The Animal Locomotion study contains 781 photographs of males and females performing common actions, often nude; physically deformed males and females from the Philadelphia Hospital and a variety of animal species from the Philadelphia Zoo. Models also included students and faculty from the University of Pennsylvania and the Pennsylvania Academy of Fine Arts. This study, completed in 1887 and published under the sponsorship of the University, would prove to be of great use to artists, anatomists, physiologists, and athletes. To see more of Muybridge’s images, click here.
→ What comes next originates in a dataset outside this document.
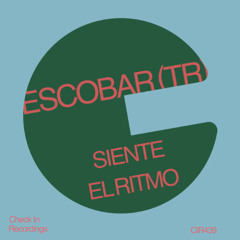 Escobar (TR) - Siente El Ritmo (Extended Mix)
Muybridge used a special printing technique to capture these mesmerizing and enduring images. Heliogravure is the oldest procedure for reproducing photographic images. It was first invented in the early 19th century by Joseph Nicéphore Niepce, of France, and later perfected by Talbot, Niepce de Saint-Victor, Baldus and Klic.
The process involves two distinct steps. First, in a complex photochemical procedure that creates the intaglio surface, the photographic image is fixed and etched upon a specially prepared copper plate. The finished plate is then placed on a hand-turned press, and the image is printed onto dampened etching paper using special inks. The result is an incomparably rich palette of blacks and shades of gray, its breadth of tonal range, its exquisite expressiveness.
Today there are only a handful of individuals in the world who specialize in this domain.